Data records:

----------------------------------------

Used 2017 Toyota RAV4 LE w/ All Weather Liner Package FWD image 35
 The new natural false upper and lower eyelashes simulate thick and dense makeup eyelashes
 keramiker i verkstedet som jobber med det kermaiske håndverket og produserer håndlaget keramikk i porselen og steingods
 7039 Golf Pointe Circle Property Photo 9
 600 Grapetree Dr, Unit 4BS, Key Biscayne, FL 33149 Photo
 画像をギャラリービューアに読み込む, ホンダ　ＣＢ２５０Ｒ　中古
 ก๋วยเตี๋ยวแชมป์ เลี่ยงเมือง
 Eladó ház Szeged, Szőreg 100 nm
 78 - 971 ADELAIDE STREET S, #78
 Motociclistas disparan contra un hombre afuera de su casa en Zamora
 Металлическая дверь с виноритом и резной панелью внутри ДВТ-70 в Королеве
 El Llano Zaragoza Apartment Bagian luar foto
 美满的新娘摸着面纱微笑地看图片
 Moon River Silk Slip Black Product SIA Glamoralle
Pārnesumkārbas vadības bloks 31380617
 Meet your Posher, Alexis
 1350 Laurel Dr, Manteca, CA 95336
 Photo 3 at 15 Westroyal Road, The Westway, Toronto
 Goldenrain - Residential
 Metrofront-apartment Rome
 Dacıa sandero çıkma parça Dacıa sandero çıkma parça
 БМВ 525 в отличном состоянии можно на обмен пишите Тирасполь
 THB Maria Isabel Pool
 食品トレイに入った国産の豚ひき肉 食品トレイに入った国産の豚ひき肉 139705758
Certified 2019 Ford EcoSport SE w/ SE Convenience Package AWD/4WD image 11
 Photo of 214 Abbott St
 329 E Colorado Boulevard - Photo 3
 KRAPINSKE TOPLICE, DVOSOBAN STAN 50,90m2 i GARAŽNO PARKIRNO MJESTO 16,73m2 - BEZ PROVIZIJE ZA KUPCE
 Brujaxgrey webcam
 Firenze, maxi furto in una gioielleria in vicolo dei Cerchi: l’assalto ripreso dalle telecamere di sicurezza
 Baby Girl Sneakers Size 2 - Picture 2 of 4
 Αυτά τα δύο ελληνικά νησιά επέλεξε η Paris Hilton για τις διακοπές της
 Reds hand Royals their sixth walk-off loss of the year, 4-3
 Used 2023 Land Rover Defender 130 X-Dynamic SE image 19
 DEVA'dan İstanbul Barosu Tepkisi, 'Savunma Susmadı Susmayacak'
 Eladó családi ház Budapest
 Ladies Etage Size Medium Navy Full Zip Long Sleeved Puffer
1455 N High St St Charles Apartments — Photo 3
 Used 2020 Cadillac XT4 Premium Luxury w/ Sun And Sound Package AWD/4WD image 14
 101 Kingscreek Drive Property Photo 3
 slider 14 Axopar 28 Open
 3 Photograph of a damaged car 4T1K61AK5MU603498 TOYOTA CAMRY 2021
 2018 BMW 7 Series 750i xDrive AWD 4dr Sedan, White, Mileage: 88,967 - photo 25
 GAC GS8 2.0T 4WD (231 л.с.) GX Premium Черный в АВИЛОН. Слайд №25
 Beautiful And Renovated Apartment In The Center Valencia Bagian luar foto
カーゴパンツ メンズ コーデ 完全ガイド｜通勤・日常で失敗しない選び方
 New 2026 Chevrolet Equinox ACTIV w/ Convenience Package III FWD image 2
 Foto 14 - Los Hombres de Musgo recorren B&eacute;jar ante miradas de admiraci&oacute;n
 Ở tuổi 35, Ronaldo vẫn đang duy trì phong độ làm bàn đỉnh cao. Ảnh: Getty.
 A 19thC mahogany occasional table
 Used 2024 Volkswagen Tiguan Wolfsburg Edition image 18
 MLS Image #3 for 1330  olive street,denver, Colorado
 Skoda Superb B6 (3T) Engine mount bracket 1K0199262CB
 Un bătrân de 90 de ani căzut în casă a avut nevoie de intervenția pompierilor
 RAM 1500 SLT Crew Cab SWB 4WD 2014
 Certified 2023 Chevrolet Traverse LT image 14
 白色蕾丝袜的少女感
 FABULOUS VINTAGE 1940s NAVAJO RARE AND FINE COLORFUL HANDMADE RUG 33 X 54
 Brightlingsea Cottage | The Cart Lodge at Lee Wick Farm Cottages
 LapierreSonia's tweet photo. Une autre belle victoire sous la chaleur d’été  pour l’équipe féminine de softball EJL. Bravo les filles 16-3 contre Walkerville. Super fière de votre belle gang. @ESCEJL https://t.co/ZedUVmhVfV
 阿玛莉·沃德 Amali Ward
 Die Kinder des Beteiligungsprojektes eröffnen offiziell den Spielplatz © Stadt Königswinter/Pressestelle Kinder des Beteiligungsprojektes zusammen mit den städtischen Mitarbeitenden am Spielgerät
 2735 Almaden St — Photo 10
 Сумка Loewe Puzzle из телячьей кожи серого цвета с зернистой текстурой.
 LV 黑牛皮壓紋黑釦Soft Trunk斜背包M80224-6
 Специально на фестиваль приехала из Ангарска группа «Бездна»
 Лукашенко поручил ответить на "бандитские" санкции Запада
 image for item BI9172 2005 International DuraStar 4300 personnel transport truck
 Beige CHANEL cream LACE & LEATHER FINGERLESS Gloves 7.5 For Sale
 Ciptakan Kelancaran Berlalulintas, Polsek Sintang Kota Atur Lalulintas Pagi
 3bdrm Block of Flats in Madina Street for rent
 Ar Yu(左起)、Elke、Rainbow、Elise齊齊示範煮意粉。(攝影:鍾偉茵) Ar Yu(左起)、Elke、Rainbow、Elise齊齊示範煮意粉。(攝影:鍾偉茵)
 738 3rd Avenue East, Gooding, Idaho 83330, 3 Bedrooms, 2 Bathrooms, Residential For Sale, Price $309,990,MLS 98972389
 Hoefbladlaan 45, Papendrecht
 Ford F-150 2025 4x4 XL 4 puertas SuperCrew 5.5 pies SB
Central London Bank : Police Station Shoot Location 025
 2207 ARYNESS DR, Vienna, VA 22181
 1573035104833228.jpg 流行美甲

----------------------------------------

» Task prompt
The records must be reproduced in full. Nothing should differ.

» Response for this exercise
Used 2017 Toyota RAV4 LE w/ All Weather Liner Package FWD image 35
 The new natural false upper and lower eyelashes simulate thick and dense makeup eyelashes
 keramiker i verkstedet som jobber med det kermaiske håndverket og produserer håndlaget keramikk i porselen og steingods
 7039 Golf Pointe Circle Property Photo 9
 600 Grapetree Dr, Unit 4BS, Key Biscayne, FL 33149 Photo
 画像をギャラリービューアに読み込む, ホンダ　ＣＢ２５０Ｒ　中古
 ก๋วยเตี๋ยวแชมป์ เลี่ยงเมือง
 Eladó ház Szeged, Szőreg 100 nm
 78 - 971 ADELAIDE STREET S, #78
 Motociclistas disparan contra un hombre afuera de su casa en Zamora
 Металлическая дверь с виноритом и резной панелью внутри ДВТ-70 в Королеве
 El Llano Zaragoza Apartment Bagian luar foto
 美满的新娘摸着面纱微笑地看图片
 Moon River Silk Slip Black Product SIA Glamoralle
Pārnesumkārbas vadības bloks 31380617
 Meet your Posher, Alexis
 1350 Laurel Dr, Manteca, CA 95336
 Photo 3 at 15 Westroyal Road, The Westway, Toronto
 Goldenrain - Residential
 Metrofront-apartment Rome
 Dacıa sandero çıkma parça Dacıa sandero çıkma parça
 БМВ 525 в отличном состоянии можно на обмен пишите Тирасполь
 THB Maria Isabel Pool
 食品トレイに入った国産の豚ひき肉 食品トレイに入った国産の豚ひき肉 139705758
Certified 2019 Ford EcoSport SE w/ SE Convenience Package AWD/4WD image 11
 Photo of 214 Abbott St
 329 E Colorado Boulevard - Photo 3
 KRAPINSKE TOPLICE, DVOSOBAN STAN 50,90m2 i GARAŽNO PARKIRNO MJESTO 16,73m2 - BEZ PROVIZIJE ZA KUPCE
 Brujaxgrey webcam
 Firenze, maxi furto in una gioielleria in vicolo dei Cerchi: l’assalto ripreso dalle telecamere di sicurezza
 Baby Girl Sneakers Size 2 - Picture 2 of 4
 Αυτά τα δύο ελληνικά νησιά επέλεξε η Paris Hilton για τις διακοπές της
 Reds hand Royals their sixth walk-off loss of the year, 4-3
 Used 2023 Land Rover Defender 130 X-Dynamic SE image 19
 DEVA'dan İstanbul Barosu Tepkisi, 'Savunma Susmadı Susmayacak'
 Eladó családi ház Budapest
 Ladies Etage Size Medium Navy Full Zip Long Sleeved Puffer
1455 N High St St Charles Apartments — Photo 3
 Used 2020 Cadillac XT4 Premium Luxury w/ Sun And Sound Package AWD/4WD image 14
 101 Kingscreek Drive Property Photo 3
 slider 14 Axopar 28 Open
 3 Photograph of a damaged car 4T1K61AK5MU603498 TOYOTA CAMRY 2021
 2018 BMW 7 Series 750i xDrive AWD 4dr Sedan, White, Mileage: 88,967 - photo 25
 GAC GS8 2.0T 4WD (231 л.с.) GX Premium Черный в АВИЛОН. Слайд №25
 Beautiful And Renovated Apartment In The Center Valencia Bagian luar foto
カーゴパンツ メンズ コーデ 完全ガイド｜通勤・日常で失敗しない選び方
 New 2026 Chevrolet Equinox ACTIV w/ Convenience Package III FWD image 2
 Foto 14 - Los Hombres de Musgo recorren B&eacute;jar ante miradas de admiraci&oacute;n
 Ở tuổi 35, Ronaldo vẫn đang duy trì phong độ làm bàn đỉnh cao. Ảnh: Getty.
 A 19thC mahogany occasional table
 Used 2024 Volkswagen Tiguan Wolfsburg Edition image 18
 MLS Image #3 for 1330  olive street,denver, Colorado
 Skoda Superb B6 (3T) Engine mount bracket 1K0199262CB
 Un bătrân de 90 de ani căzut în casă a avut nevoie de intervenția pompierilor
 RAM 1500 SLT Crew Cab SWB 4WD 2014
 Certified 2023 Chevrolet Traverse LT image 14
 白色蕾丝袜的少女感
 FABULOUS VINTAGE 1940s NAVAJO RARE AND FINE COLORFUL HANDMADE RUG 33 X 54
 Brightlingsea Cottage | The Cart Lodge at Lee Wick Farm Cottages
 LapierreSonia's tweet photo. Une autre belle victoire sous la chaleur d’été  pour l’équipe féminine de softball EJL. Bravo les filles 16-3 contre Walkerville. Super fière de votre belle gang. @ESCEJL https://t.co/ZedUVmhVfV
 阿玛莉·沃德 Amali Ward
 Die Kinder des Beteiligungsprojektes eröffnen offiziell den Spielplatz © Stadt Königswinter/Pressestelle Kinder des Beteiligungsprojektes zusammen mit den städtischen Mitarbeitenden am Spielgerät
 2735 Almaden St — Photo 10
 Сумка Loewe Puzzle из телячьей кожи серого цвета с зернистой текстурой.
 LV 黑牛皮壓紋黑釦Soft Trunk斜背包M80224-6
 Специально на фестиваль приехала из Ангарска группа «Бездна»
 Лукашенко поручил ответить на "бандитские" санкции Запада
 image for item BI9172 2005 International DuraStar 4300 personnel transport truck
 Beige CHANEL cream LACE & LEATHER FINGERLESS Gloves 7.5 For Sale
 Ciptakan Kelancaran Berlalulintas, Polsek Sintang Kota Atur Lalulintas Pagi
 3bdrm Block of Flats in Madina Street for rent
 Ar Yu(左起)、Elke、Rainbow、Elise齊齊示範煮意粉。(攝影:鍾偉茵) Ar Yu(左起)、Elke、Rainbow、Elise齊齊示範煮意粉。(攝影:鍾偉茵)
 738 3rd Avenue East, Gooding, Idaho 83330, 3 Bedrooms, 2 Bathrooms, Residential For Sale, Price $309,990,MLS 98972389
 Hoefbladlaan 45, Papendrecht
 Ford F-150 2025 4x4 XL 4 puertas SuperCrew 5.5 pies SB
Central London Bank : Police Station Shoot Location 025
 2207 ARYNESS DR, Vienna, VA 22181
 1573035104833228.jpg 流行美甲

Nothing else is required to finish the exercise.